The Audio-Visual Question Answering (AVQA) task holds significant potential for applications. Compared to traditional unimodal approaches, the multi-modal input of AVQA makes feature extraction and fusion processes more challenging. Euclidean space is difficult to effectively represent multi-dimensional relationships of data. Especially when extracting and processing data with a tree structure or hierarchical structure, Euclidean space is not suitable as an embedding space. Additionally, the self-attention mechanism in Transformers is effective in capturing the dynamic relationships between elements in a sequence. However, the self-attention mechanism's limitations in window modeling and quadratic computational complexity reduce its effectiveness in modeling long sequences. To address these limitations, we propose SHMamba: Structured Hyperbolic State Space Model to integrate the advantages of hyperbolic geometry and state space models. Specifically, SHMamba leverages the intrinsic properties of hyperbolic space to represent hierarchical structures and complex relationships in audio-visual data. Meanwhile, the state space model captures dynamic changes over time by globally modeling the entire sequence. Furthermore, we introduce an adaptive curvature hyperbolic alignment module and a cross fusion block to enhance the understanding of hierarchical structures and the dynamic exchange of cross-modal information, respectively. Extensive experiments demonstrate that SHMamba outperforms previous methods with fewer parameters and computational costs. Our learnable parameters are reduced by 78.12\%, while the average performance improves by 2.53\%. Experiments show that our method demonstrates superiority among all current major methods and is more suitable for practical application scenarios.

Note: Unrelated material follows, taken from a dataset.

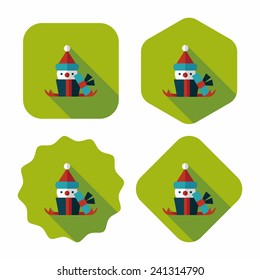 Christmas gift flat icon with long shadow,eps10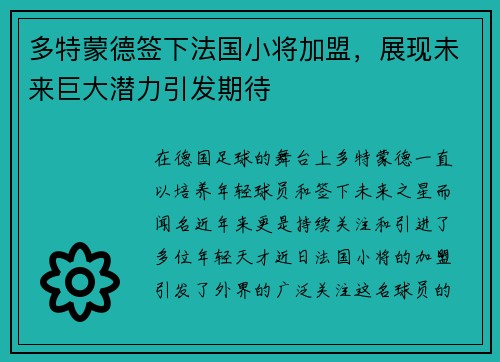 多特蒙德签下法国小将加盟，展现未来巨大潜力引发期待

翻译：视听问答（AVQA）任务具有重要的应用潜力。与传统单模态方法相比，AVQA的多模态输入使得特征提取与融合过程更具挑战性。欧几里得空间难以有效表征数据的高维关系，尤其在提取和处理具有树状结构或层次结构的数据时，欧几里得空间不适合作为嵌入空间。此外，Transformer中的自注意力机制虽能有效捕捉序列元素间的动态关系，但其在窗口建模方面的局限性及二次计算复杂度降低了其在长序列建模中的效率。为应对这些局限，我们提出SHMamba：一种结构化双曲状态空间模型，以整合双曲几何与状态空间模型的优势。具体而言，SHMamba利用双曲空间的内禀特性来表征视听数据中的层次结构与复杂关系；同时，状态空间模型通过对整个序列进行全局建模来捕捉随时间变化的动态特征。此外，我们引入了自适应曲率双曲对齐模块与跨模态融合块，分别用于增强对层次结构的理解以及跨模态信息的动态交互。大量实验表明，SHMamba以更少的参数量和计算成本超越了现有方法。我们的可学习参数减少了78.12%，而平均性能提升了2.53%。实验证明，本方法在当前所有主流方法中均表现出优越性，且更适用于实际应用场景。